→ **Task goal**
Every line with the word "photo" in it should be extracted from the data that follows.

Entries taken from a collection:
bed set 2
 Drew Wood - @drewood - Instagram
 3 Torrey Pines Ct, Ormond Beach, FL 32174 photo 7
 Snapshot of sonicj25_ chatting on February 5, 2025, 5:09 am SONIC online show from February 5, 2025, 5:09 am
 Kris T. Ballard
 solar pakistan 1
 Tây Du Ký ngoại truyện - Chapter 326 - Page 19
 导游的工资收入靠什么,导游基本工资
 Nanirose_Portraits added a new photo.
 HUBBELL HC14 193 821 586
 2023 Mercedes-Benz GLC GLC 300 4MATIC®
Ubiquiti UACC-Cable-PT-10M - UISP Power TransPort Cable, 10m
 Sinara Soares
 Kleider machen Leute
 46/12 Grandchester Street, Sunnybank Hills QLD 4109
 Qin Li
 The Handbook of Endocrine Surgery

→ **Response box**
 3 Torrey Pines Ct, Ormond Beach, FL 32174 photo 7
 Nanirose_Portraits added a new photo.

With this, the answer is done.